Par ailleurs, des évolutions technologiques sont attendues : la prochaine génération, la G3, "apportera des améliorations significatives pour les gestionnaires de réseaux d'électricité en termes de quantité d'information échangée et de nombre de compteurs communiquants avec un concentrateur". Mais les protocoles entre la G1, actuellement utilisée, et la G3 n'étant pas compatibles, la CRE estime qu'il faut reporter l'installation de ces systèmes. "Par contre, cette obligation peut être maintenue pour chacune des zones de déploiement, si les compteurs répondant à la technologie de CPL envisagée pour cette zone sont disponibles". Certaines zones de déploiement sont en effet prévues en CPL G1.
Rémunérer les actifs en fonction de l'atteinte des objectifs
Par ailleurs, quelques jours plus tôt, le 17 juillet, la CRE a publié une délibération relative au cadre de régulation incitative (2) pour le système de comptage évolué d'ERDF. Après une phase de consultation, organisée en mai dernier, la CRE a décidé de répondre favorablement à la demande d'ERDF de fixer un cadre tarifaire pour toute la durée du projet, soit environ vingt ans. Cependant, elle pose au gestionnaire de réseau des objectifs de maîtrise des coûts d'investissement, de respect du calendrier et de garantie de la performance attendue.
"La CRE retient, pour les actifs liés au projet Linky et mis en service entre le 1er janvier 2015 et le 31 décembre 2021, une méthode de rémunération incitant ERDF à optimiser le couple quantité/coût de la dette en permettant au gestionnaire de réseau de conserver les éventuels gains liés à cette optimisation. En contrepartie, ERDF supportera les éventuelles contreperformances, par exemple si le coût de la dette effectif est supérieur au coût de la dette cible retenu par la CRE".

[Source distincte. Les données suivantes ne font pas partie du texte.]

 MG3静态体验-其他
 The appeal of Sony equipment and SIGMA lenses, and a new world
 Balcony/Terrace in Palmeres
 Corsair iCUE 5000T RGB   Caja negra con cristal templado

Une prime incitative de 300 points de base (3%) est attribuée aux actifs mis en service, sur leur durée de vie. "Une première partie de 200 pbs est conditionnée à la performance d'ERDF en termes de coûts d'investissement et de respect du calendrier de déploiement ; une seconde partie de 100 pbs est conditionnée à la performance du système de comptage évolué en termes de qualité de service".